The Humility of Gratitude

I had originally filled this space with a description of the emotional roller coaster I've been on these last eight months. It dawned on me upon reading it that it was more a stream of conscious processing than a palatable story of my journey. In its stead, I'd like to, simply, summarize what I have learned:

The truth shall set you free.

"Truth" is perceived as positive, but we often forget that sometimes truth can be painful to hear or difficult to face. We often will go to great lengths to protect ourselves from the truth, including lying to ourselves and destroying relationships by lying to the people we love the most as a result. Looking at truth in this light, can you see how it might impede our freedom? Refusing to deal with some truths face to face leaves behind a path of destruction and stunts our ability to seek out and experience healing and necessary growth. Insisting on believing a lie creates patterns that keep us from attaining our goals or finding true fulfillment in our lives.

I refused to believe many truths for many months (many years for that matter), and the healing I so desperately needed from the decisions of last year was minimized in my rational efforts to "move on". For the past couple of months, I have stood up against the tendency to make myself move on. I want to be free, and freedom is found only in facing - and dealing with - difficult truths. Only in coming to terms with truths about myself and truths about others can I extend the grace and forgiveness to myself and those who have hurt me. I feel, wholeheartedly, that forgiveness and grace is where my healing will actually come to fruition. But it is a process, and it requires time, intention, and commitment. There are no shortcuts, I realize that now.

So, guess what - I am still sad. Sometimes really, really sad. But my ability to breath it in, let it process, and breath it out has been instrumental in helping me to see the ways in which I am happy.
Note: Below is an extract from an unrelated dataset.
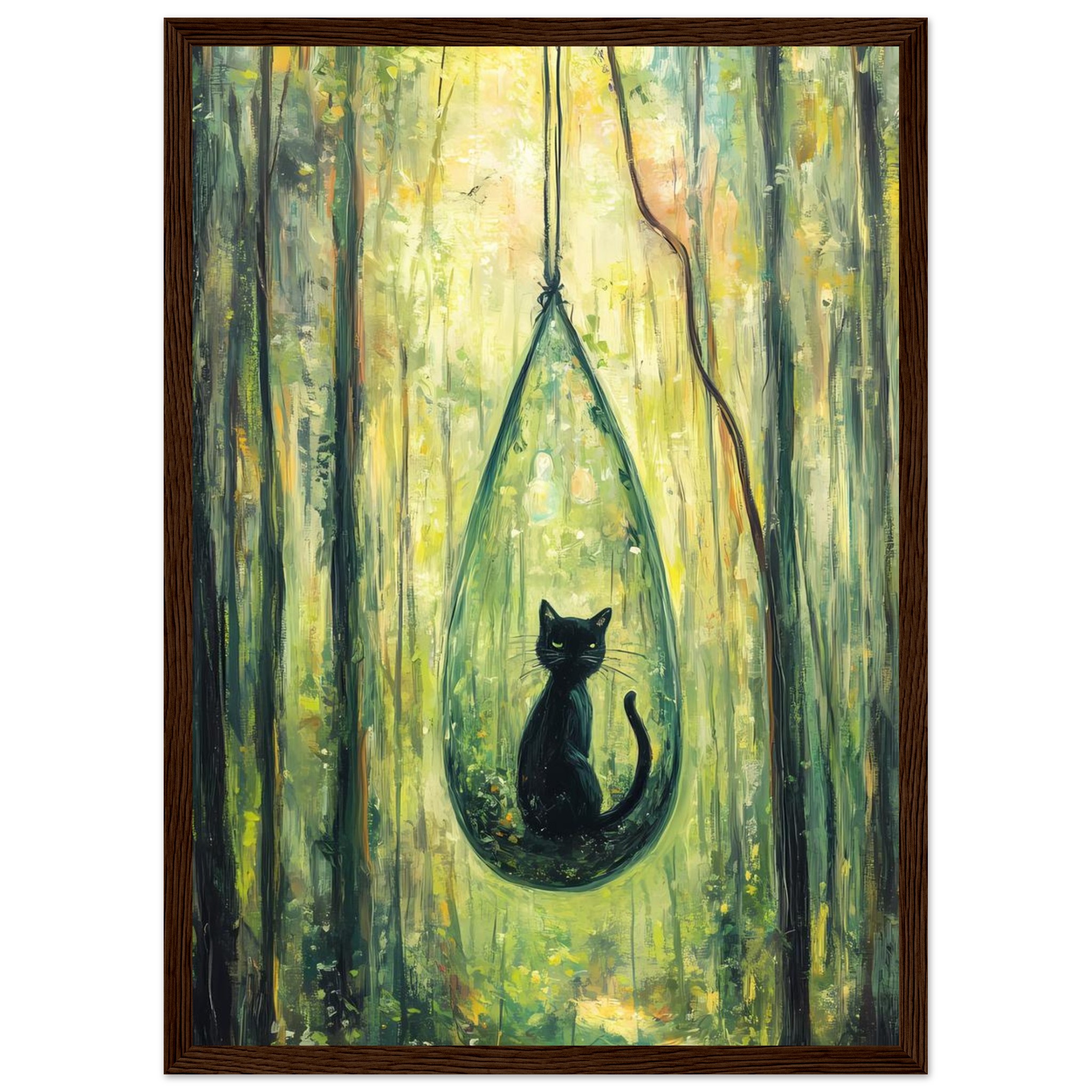 6c4a3e59-67ca-4627-a02b-02c09b38d20b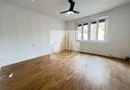 Apartament la Casă, Curte Privată, Bucătărie de Vară, Renovat, Lipovei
Sometimes, really, really happy. I've stopped lying to myself (or at least I'm trying to) which means I'm painfully forced to take responsibility for my own actions. But there is a divine strength in my life that is allowing me to bear that burden and dripping hope back into my life a little more each day. I thought the truth would be unbearable, but I closed my eyes and jumped anyway. I don't know why I'm surprised that, while sad, it's tolerable and actually sometimes enlightening.

So, I am grateful for the pain. Do you hear that? Grateful. If I don't feel it I'm not learning anything. If I'm not introspective I'm not able to take the necessary time to pave the way to new relationships that are founded in truth and strengthened in honesty. Being aware of humility and gratitude in my tears is a very strange feeling, but proof every day that this Faith Experiment of mine is far from over.

Also, being grateful for sadness has made me more aware than ever of those times when I am happy. Just as I have brief moments of sorrow, I have found myself basking more and more in brief moments of acceptance (and sometimes even joy). I am blessed! With this mustard seed, hope, passion, and excitement are slowly being restored.

Tomorrow, I journey back to Africa (well, it was supposed to be today but that is another story). I head back to where I originally found the strength and closure I needed to move onto my life. This year I go in gratitude, seeking connection, community, and healing.